El Mundo de Ayer

El Mundo de Ayer

EL MUNDO DE AYER

Por el Prof. J. Rosario Palos de Anda

Ágora – 23 de Octubre 2015

En mis artículos publicados en el semanario “Ágora” siempre he tratado de comunicar a mis amables lectores mi peculiar manera de conocer, sentir y actuar en la vida; pero por esta manera de conocer no puedo afirmar que es algo original en mi persona, desde niño pude aprender de los demás, como interpretar la concepción del mundo y de la vida.

Por dar un ejemplo de lo anterior; unos adoptan la concepción del mundo, la forma de una Religión o de una convicción artística, moral o religiosa. Y así unos descubren que la verdad es lo más valioso para ellos en la vida; otros, la belleza; estos en la utilidad económica; aquellos en la justicia o en la Felicidad, en el placer de los sentidos o en la santidad.

La mayor parte de estas formas de vida, dependen de la concepción que se tenga de ella, y algunas veces son prejuicios que se han infiltrado en la conciencia de un modo inadvertido, espontaneo. Son tipos de concepciones del mundo que se generan de la naturaleza originaria de la vida humana, y por ello, desde un punto de vista, son parcialmente justificadas.

Los que nacimos y vivimos en esta circunstancia de San Juan de los Lagos, tenemos una concepción del mundo y de la vida, sino único, sí muy especial: el centro de nuestra vida, tanto religiosa, como moral, económica e intelectual, es la venerable imagen de la Santísima Virgen de Nuestra Señora de San Juan; quien fue, es y será vida y sostén de los habitantes de San Juan de los Lagos, quienes dirigimos nuestra atención al resultado de este proceder, de este obrar. Notamos, desde luego, que así como su actividad es múltiple, el resultado de esta actividad es variado. Al conocer nuestro mundo circundante, nos organizamos para alguna actividad que nos brinde la oportunidad, no solo de ser útil a la sociedad y a nuestra familia, sino también a los peregrinos que nos visitan, y vemos que existe una variedad de actividades comerciales, como lo son: alimentos, dulces, artículos religiosos, ropa y sus variedades de géneros, hotelería, restaurantes, estacionamientos de automóviles, expendios en el mercado, cafés, frutas y golosinas, en fin, son múltiples los géneros de actividades que nos brinda la comunidad de San Juan de los Lagos, en la que son muchas las personas no originarias del pueblo al que vienen a radicar, a San Juan, por considerar que es un lugar seguro para sus aspiraciones económicas.

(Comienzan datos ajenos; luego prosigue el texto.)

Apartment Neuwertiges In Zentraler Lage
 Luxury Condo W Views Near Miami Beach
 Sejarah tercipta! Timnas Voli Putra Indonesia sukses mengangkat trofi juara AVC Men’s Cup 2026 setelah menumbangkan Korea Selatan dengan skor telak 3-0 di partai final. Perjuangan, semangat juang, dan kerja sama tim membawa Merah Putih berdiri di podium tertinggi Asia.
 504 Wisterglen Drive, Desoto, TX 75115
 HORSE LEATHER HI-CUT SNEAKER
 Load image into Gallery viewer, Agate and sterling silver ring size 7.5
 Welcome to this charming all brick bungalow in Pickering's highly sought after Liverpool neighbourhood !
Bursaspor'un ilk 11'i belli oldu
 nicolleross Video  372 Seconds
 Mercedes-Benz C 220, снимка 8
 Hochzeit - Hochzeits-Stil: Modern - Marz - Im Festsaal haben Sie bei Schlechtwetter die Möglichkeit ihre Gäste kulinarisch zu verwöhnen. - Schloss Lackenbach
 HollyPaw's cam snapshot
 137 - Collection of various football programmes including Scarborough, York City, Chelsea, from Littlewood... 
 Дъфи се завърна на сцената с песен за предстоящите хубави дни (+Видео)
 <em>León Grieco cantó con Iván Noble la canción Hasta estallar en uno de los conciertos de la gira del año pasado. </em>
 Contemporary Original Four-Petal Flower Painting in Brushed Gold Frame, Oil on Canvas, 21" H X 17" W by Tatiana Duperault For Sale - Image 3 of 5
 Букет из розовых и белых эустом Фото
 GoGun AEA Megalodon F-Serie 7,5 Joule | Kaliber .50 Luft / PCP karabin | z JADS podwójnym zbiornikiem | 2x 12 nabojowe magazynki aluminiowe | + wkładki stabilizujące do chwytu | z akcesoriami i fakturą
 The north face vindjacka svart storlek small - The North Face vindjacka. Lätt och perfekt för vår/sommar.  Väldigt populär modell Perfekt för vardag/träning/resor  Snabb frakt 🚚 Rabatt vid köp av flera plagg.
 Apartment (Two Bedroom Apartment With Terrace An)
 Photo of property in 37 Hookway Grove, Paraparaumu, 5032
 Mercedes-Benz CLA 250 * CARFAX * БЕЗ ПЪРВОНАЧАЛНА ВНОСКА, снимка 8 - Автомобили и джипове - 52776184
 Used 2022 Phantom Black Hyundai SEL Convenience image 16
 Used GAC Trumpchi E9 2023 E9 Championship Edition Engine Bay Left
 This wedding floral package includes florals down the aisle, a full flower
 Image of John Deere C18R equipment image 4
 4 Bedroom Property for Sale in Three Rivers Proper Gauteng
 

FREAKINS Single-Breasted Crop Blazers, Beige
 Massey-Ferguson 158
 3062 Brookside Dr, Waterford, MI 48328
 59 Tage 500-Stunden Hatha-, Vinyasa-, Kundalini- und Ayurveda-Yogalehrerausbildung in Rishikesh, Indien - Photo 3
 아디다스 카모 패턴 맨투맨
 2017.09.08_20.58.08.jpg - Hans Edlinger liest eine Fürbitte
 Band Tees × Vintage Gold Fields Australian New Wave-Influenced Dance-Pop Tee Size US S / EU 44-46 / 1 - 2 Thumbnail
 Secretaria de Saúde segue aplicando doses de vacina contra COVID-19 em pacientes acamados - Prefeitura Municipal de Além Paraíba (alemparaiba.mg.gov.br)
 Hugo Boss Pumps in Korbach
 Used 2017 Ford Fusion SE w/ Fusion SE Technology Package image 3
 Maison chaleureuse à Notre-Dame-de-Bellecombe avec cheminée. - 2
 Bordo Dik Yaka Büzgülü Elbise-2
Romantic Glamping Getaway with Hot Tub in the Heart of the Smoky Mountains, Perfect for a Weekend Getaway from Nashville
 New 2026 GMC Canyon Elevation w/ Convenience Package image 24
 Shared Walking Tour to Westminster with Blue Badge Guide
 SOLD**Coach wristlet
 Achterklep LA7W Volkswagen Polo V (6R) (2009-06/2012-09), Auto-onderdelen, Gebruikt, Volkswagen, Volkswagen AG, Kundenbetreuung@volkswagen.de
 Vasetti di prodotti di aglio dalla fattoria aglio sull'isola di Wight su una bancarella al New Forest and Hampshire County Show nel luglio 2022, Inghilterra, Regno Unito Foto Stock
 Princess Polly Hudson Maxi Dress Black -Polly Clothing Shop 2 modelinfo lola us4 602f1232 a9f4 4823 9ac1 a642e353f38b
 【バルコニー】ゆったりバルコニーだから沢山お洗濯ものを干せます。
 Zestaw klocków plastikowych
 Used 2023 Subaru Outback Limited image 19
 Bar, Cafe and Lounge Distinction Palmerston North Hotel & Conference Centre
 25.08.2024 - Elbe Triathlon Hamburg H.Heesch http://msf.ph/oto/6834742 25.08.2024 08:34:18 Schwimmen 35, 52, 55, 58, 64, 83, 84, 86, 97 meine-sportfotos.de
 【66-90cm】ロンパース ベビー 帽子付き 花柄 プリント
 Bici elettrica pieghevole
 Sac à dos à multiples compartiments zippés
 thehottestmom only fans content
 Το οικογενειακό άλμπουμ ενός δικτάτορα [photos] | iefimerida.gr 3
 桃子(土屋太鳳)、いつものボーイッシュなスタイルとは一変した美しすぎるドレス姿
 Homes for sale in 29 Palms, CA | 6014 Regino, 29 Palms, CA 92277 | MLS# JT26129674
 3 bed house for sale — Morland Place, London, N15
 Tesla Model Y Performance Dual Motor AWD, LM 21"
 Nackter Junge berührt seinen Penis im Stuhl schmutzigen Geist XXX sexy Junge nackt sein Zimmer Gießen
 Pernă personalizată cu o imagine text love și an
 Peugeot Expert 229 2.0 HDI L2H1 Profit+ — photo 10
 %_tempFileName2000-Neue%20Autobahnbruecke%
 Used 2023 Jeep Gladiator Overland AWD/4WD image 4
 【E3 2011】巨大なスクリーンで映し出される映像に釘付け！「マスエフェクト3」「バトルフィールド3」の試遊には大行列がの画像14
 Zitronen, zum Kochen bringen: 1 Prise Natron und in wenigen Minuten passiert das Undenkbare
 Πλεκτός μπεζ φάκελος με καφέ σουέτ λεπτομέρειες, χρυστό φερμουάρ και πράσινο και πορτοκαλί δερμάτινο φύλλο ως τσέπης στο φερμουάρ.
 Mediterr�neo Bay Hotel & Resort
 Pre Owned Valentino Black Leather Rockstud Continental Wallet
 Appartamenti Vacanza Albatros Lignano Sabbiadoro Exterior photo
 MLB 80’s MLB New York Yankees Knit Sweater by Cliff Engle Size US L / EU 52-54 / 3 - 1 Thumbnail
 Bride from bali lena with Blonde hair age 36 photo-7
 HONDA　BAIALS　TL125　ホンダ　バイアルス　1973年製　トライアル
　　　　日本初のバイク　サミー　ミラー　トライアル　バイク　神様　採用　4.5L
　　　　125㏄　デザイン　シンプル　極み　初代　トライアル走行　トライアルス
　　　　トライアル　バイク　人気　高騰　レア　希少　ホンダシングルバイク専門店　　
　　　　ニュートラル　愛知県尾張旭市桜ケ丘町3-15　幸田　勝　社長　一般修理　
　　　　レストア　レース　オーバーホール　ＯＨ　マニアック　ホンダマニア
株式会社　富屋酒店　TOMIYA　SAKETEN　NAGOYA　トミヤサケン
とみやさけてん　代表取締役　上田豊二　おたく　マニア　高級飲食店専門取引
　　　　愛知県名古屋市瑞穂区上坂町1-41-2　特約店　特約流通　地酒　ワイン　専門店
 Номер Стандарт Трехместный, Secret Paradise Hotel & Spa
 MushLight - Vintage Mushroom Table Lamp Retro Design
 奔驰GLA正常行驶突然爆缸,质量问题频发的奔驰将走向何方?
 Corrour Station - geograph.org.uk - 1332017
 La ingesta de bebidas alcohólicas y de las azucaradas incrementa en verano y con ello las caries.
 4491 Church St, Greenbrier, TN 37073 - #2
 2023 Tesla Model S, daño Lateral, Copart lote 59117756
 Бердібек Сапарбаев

De los frutos de esta actividad humana que se repite siempre en todas las sociedades y que da vida y sentido a la cultura de los pueblos surgen preguntas que pueden verse como una perogrullada, pero que se hace cada ser humano ¿Para que trabajo? ¿Por qué trabajo? ¿Cómo trabajo?

Así como el obrero reflexiona sobre su trabajo, yo también me hago estas preguntas y se las respuestas, pues en mis 87 años de vida en San Juan he visto y vivido las grandes aglomeraciones de peregrinos y sus tradicionales fiestas, que después de la Santísima Virgen de Guadalupe, la de San Juan es la más festejada en la República Mexicana. Este fenómeno nos ha dado vida religiosa, moral, económica y cultural, por ello escribo siempre sobre la vida de San Juan de los Lagos.